My friend called me up a few days after she taught a Young Women’s lesson a few weeks ago. The lesson started out well – talking about adversity and challenges we face in the world. The Beehives were listening – not as attentively as she had hoped – so she gave them another challenge.
“Write down five of the worst things that could ever happen to you,” she said, desperate to get the Beehives completely engaged, as she handed out pens and paper. Suddenly, everyone seemed to be completely excited, taking a long time to think out the five worst things that could ever happen to them. At the end of this activity, she had wanted to show them that horrible things could happen but even if any of those 5 worst things happened to them, they would still have Christ.
However, my friend didn’t call me to tell me she taught a Young Women’s lesson. She called to let me know that on every single girl’s top five was “not getting married”.

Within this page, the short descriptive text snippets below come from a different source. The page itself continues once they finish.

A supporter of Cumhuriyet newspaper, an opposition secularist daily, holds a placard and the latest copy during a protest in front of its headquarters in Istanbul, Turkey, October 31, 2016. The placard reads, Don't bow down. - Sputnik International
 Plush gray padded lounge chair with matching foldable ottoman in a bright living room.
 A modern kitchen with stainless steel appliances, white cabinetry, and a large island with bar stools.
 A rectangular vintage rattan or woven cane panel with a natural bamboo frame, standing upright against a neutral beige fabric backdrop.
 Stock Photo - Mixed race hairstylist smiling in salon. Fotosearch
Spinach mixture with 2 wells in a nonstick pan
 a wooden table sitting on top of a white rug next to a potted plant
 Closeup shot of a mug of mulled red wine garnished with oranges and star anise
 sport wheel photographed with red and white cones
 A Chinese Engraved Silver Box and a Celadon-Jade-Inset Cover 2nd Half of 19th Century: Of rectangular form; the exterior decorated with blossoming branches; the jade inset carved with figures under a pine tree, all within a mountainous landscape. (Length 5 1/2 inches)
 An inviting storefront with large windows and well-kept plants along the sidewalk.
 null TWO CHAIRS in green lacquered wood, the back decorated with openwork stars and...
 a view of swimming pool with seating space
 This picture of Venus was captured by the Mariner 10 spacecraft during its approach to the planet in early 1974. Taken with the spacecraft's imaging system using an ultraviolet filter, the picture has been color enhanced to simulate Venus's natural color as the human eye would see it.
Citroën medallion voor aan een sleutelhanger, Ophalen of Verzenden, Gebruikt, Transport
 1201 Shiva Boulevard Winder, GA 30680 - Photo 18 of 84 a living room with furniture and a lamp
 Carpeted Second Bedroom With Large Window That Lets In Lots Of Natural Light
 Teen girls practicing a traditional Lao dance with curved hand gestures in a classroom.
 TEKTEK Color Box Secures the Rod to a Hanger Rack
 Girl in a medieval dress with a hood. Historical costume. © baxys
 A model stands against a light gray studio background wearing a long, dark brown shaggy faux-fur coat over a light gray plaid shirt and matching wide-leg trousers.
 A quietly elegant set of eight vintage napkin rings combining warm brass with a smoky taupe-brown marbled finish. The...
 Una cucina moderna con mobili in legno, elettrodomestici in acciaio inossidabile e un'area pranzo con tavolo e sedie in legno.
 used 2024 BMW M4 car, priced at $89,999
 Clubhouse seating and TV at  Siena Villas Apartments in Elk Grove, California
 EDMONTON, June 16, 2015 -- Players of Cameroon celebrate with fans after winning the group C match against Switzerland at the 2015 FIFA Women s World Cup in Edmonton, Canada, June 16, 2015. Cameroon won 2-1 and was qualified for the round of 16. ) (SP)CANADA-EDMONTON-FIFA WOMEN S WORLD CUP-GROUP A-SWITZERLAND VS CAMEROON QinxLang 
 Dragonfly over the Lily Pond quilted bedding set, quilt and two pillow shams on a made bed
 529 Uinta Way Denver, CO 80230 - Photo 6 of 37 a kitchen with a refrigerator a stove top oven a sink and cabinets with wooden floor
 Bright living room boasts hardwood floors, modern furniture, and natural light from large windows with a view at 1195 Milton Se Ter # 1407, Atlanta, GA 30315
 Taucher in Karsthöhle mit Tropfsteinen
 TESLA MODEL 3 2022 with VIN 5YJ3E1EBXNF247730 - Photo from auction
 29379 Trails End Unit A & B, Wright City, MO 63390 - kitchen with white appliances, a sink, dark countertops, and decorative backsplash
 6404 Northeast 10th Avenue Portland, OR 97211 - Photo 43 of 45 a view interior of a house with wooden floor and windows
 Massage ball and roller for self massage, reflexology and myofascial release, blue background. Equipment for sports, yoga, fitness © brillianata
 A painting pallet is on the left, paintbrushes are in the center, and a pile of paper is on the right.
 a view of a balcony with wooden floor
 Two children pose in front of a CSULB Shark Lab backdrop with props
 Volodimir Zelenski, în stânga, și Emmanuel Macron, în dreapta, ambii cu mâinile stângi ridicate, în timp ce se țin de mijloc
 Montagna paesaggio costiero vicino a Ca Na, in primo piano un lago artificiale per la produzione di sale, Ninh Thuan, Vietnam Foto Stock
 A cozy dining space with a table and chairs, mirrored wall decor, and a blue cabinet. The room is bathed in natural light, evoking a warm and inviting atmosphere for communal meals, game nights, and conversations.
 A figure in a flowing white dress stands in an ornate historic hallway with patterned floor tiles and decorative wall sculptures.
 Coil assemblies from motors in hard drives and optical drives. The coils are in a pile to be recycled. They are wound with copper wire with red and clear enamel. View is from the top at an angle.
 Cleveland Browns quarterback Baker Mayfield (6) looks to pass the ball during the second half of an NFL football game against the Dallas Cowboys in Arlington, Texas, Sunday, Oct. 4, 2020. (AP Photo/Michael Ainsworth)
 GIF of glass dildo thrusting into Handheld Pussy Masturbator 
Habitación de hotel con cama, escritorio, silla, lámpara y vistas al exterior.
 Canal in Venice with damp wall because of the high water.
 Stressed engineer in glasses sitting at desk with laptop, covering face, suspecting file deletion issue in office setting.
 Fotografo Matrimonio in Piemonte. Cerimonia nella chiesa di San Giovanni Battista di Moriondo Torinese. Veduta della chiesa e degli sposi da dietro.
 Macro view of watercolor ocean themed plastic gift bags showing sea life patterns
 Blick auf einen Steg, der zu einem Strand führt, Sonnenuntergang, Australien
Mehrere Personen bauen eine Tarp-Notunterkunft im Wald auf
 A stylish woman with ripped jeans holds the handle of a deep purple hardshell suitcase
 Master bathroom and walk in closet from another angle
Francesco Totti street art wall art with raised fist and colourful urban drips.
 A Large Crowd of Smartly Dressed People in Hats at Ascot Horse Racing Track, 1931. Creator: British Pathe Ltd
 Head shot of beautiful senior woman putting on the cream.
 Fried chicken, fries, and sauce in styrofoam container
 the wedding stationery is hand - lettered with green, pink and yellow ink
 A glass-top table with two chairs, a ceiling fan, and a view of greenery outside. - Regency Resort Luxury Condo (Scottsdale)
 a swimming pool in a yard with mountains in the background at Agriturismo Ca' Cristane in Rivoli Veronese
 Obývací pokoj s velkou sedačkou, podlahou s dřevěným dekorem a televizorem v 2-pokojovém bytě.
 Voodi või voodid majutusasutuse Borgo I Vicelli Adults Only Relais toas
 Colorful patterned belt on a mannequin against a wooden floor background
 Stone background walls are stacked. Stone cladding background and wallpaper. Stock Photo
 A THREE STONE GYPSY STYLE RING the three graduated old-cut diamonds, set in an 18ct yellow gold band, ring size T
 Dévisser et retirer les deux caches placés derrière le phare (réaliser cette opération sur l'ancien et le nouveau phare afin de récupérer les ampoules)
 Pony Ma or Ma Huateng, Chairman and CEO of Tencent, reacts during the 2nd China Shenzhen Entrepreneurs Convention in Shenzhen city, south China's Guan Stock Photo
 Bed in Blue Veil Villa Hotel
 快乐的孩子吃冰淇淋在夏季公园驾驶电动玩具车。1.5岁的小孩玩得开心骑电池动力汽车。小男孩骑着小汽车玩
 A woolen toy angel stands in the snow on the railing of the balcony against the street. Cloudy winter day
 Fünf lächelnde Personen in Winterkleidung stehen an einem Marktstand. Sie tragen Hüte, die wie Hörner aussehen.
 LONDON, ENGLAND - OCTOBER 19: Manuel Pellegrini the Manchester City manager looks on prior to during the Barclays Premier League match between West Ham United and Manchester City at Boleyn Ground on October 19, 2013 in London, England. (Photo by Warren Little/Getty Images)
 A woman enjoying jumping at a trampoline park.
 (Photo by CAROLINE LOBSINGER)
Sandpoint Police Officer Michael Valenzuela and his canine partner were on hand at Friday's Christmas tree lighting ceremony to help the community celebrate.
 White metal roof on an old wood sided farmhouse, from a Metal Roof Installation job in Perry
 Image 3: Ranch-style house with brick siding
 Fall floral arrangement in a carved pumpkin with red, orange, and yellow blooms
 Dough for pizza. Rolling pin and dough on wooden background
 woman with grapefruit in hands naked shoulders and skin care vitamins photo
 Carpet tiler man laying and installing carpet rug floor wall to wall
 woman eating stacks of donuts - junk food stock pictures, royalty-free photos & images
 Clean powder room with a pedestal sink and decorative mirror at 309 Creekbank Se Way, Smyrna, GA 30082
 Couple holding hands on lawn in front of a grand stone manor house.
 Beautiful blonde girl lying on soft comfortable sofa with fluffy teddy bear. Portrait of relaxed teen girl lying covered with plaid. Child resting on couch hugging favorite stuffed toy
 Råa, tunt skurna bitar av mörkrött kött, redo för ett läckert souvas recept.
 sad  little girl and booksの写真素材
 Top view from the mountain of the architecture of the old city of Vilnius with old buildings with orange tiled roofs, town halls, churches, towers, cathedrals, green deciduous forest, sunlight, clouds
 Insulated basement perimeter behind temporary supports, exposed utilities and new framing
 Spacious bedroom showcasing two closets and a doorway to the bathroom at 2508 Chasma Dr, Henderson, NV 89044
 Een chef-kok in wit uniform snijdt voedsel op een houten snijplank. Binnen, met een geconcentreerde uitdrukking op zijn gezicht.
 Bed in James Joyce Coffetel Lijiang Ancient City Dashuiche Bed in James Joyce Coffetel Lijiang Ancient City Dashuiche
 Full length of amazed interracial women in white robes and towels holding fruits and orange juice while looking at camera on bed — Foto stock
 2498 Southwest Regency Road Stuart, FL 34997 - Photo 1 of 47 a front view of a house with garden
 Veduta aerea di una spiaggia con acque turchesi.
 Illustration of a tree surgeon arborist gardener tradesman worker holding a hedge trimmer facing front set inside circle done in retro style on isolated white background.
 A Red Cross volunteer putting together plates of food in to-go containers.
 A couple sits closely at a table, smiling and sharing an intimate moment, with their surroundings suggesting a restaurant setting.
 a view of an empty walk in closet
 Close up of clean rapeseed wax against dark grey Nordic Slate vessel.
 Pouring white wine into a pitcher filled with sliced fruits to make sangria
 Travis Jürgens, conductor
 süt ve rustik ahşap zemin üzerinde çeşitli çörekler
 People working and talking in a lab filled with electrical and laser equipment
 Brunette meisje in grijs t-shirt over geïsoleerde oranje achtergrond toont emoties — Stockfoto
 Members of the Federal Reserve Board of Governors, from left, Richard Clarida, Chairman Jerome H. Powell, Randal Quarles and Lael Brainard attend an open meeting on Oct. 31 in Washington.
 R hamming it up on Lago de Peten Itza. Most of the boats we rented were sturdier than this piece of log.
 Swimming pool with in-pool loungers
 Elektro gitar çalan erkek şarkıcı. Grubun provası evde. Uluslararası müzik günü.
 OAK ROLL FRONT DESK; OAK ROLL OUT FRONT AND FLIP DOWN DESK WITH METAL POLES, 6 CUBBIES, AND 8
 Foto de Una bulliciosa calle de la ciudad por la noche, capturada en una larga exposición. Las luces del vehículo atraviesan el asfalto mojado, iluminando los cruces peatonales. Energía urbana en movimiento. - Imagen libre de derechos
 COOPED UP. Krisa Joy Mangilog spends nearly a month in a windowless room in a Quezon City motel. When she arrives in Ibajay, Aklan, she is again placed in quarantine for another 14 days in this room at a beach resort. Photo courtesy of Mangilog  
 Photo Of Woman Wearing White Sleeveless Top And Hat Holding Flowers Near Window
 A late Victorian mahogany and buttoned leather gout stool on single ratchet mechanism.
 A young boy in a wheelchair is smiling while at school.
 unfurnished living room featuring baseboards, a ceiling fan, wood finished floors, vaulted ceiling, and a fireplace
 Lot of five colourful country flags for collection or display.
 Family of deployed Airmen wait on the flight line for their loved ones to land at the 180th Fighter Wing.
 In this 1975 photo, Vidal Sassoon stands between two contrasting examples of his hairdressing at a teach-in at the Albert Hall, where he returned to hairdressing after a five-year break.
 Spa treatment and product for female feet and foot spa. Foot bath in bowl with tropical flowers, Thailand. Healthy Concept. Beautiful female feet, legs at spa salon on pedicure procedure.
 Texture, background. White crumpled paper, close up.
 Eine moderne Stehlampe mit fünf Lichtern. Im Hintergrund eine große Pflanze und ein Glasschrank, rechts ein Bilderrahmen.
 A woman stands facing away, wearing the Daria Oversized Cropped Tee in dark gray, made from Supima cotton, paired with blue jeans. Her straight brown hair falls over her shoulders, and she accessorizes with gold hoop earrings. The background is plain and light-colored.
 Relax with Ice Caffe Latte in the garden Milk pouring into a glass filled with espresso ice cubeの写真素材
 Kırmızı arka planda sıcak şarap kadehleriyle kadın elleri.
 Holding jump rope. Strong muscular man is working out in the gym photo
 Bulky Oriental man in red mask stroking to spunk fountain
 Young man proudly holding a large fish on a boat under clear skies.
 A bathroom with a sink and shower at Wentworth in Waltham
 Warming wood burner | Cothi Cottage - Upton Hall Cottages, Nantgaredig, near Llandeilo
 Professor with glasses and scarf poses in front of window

My initial feeling – horror. Pure horror. I mean, I quickly ran through the top five worst things that could happen to me and “not getting married” is not even close. Famine, living in a confined space forever, those hit the list. In fact, “not getting married” isn’t not even on my top one hundred. The more I thought about it, it wasn’t the fact that this was on their list that horrified me the most – it was the fact that these girls were TWELVE. Aren’t twelve year olds supposed to be thinking about – well, I don’t know, not marriage.
After I hung up the phone, it hit me. I mean, I had been frightened because of the girl’s answers, but where had they got the answer from. I thought about what I learned in Young Women’s lessons. Marriage, marriage, homemaking, marriage, marriage, dating, Jesus, more marriage. How can I even be horrified with these girls when that’s all they get to learn week after week? How many lessons did I have that were about “how to prepare for a career” or “how to prepare for college or stuff after graduation”? Um, none.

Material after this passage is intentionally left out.